Kimberly Theidon, Anthropology, Harvard University and Exectutive Director of Praxis Institute for Social Justice

The panel discussion is being held in conjunction with the exhibit, Yuyanapaq: To Remember, at the William Benton Museum of Art from January 20 – March 6, 2009

Yuyanapaq: To Remember is a witness, in words and images, to the extreme political violence that consumed the Peruvian nation between 1980 and 2000. These two decades saw an outbreak of violence that involved insurgents, state armed forces, paramilitary groups, and peasants’ self-defense organizations. It was instigated by the Maoist organization, known as “Shining Path,” and justified as a revolutionary uprising against the Peruvian state. While Shining Path rejected, in general, the idea of human rights as “bourgeois, reactionary, counterrevolutionary rights, [which] are today a weapon of revisionists and imperialists, principally Yankee imperialists,” the government likewise committed human rights violations, although fewer in number and on a lesser scale. In 2003 the Peruvian Truth and Reconciliation Commission issued a report that estimated that 69,280 Peruvians lost their lives during this period.

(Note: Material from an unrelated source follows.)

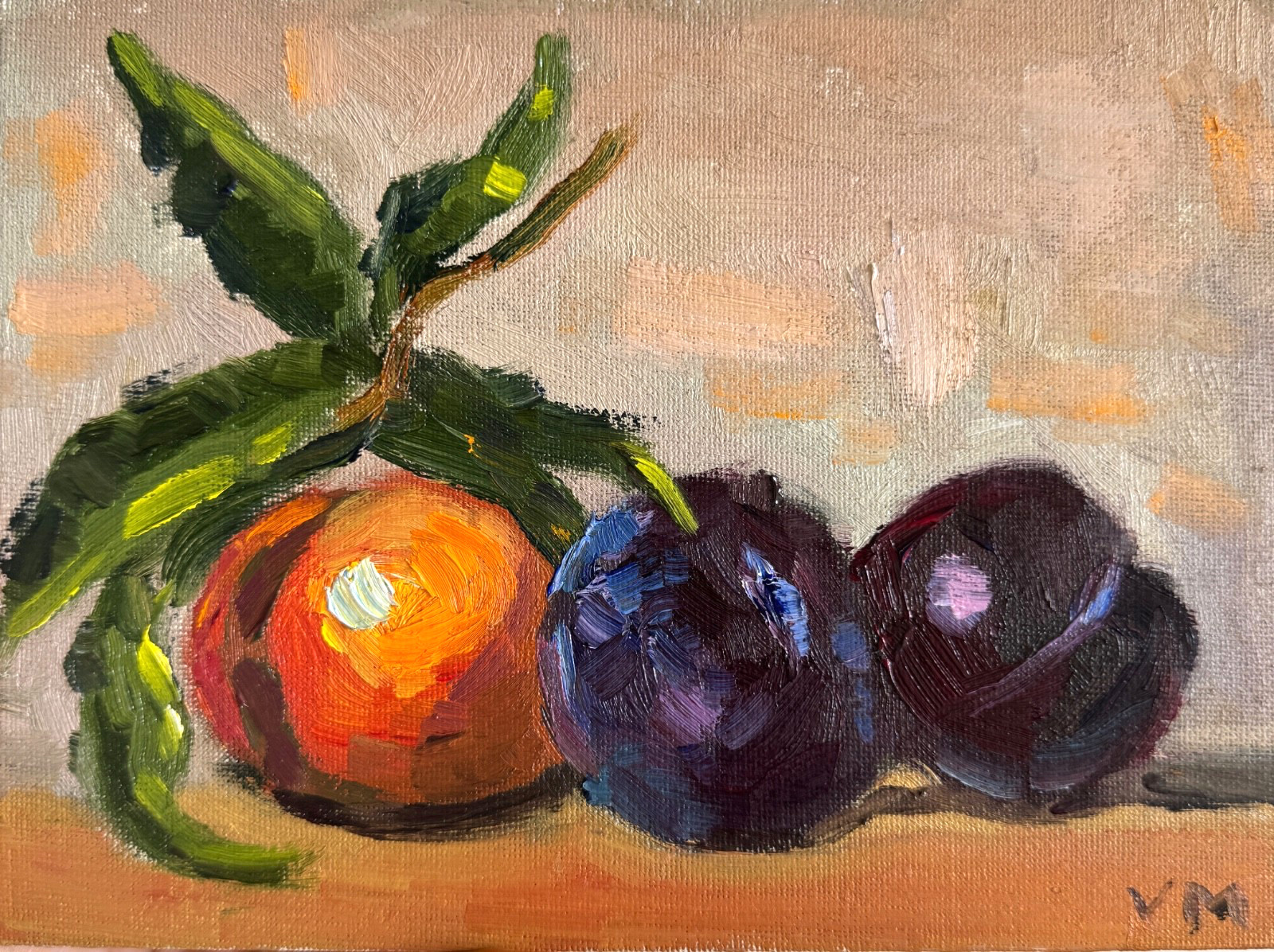 Original Oil Still Life Painting Plums Tangerine Impasto Canvas Wall Art Decor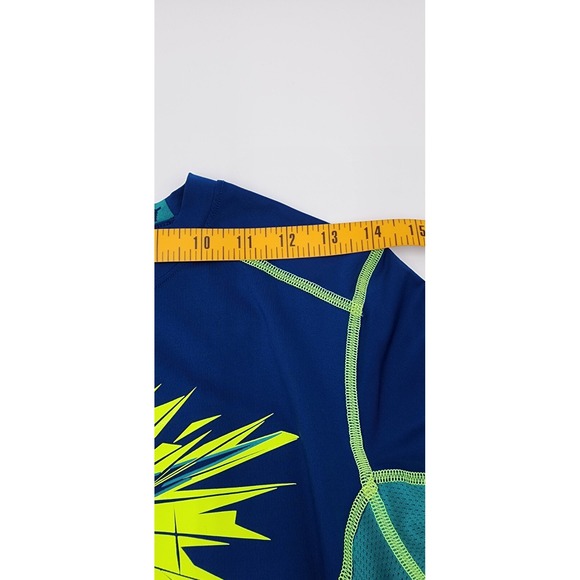 Nike Pro Combat Shirt Dri Fit YOUTH L Long Sleeve Blue Yellow Logo Swoosh Large - Picture 8 of 11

As part of the Truth Commission’s effort to document the history of this period and depict the ways in which violence impacted on Peruvians’ daily lives, an exhibition of 250 photographs was created from more than 90 archives belonging to different media outlets, news agencies, military institutions, human right organizations, and private collections. A traveling exhibition of 40 photographs was organized in 2004 and has been shown in Mexico, Italy, Spain, and Switzerland.